> **INSTRUCTIONS TO FOLLOW**
Output, word for word and without pictures, the lines from the one containing "Oozlings #5628, Mutant" through the final line of the listing below.

> **PROVIDED DATA**
● ● ●

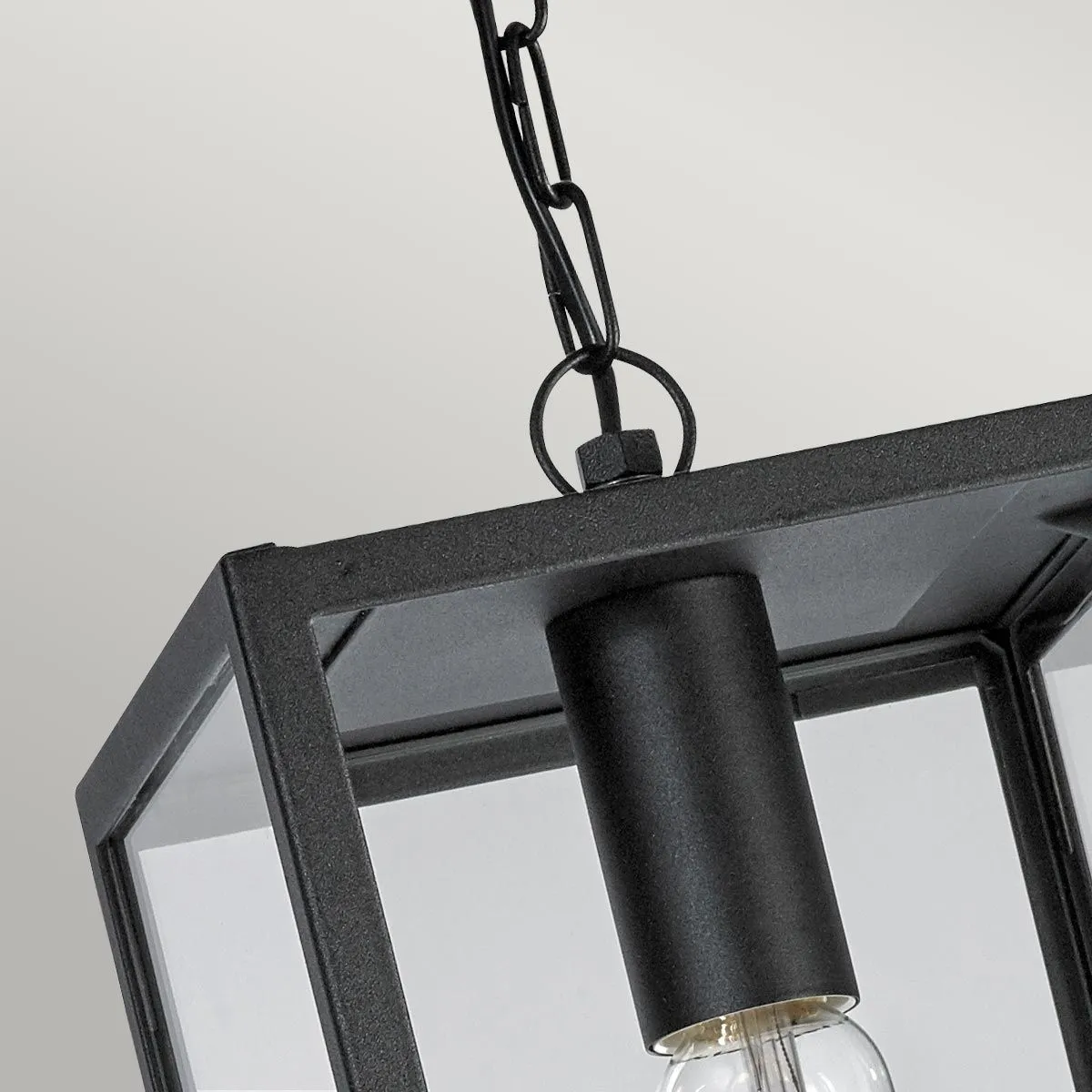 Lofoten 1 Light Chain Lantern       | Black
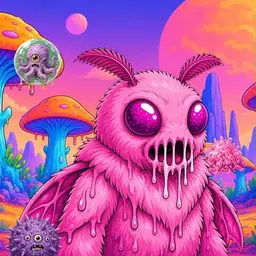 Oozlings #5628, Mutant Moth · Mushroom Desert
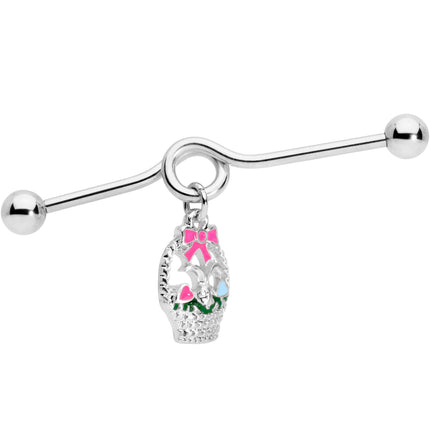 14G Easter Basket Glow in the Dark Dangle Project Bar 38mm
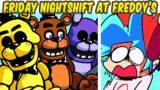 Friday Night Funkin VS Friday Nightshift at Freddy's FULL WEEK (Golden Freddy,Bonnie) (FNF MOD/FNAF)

● ● ●

> **RESPONSE BELOW**
 Oozlings #5628, Mutant Moth · Mushroom Desert
 14G Easter Basket Glow in the Dark Dangle Project Bar 38mm
 Friday Night Funkin VS Friday Nightshift at Freddy's FULL WEEK (Golden Freddy,Bonnie) (FNF MOD/FNAF)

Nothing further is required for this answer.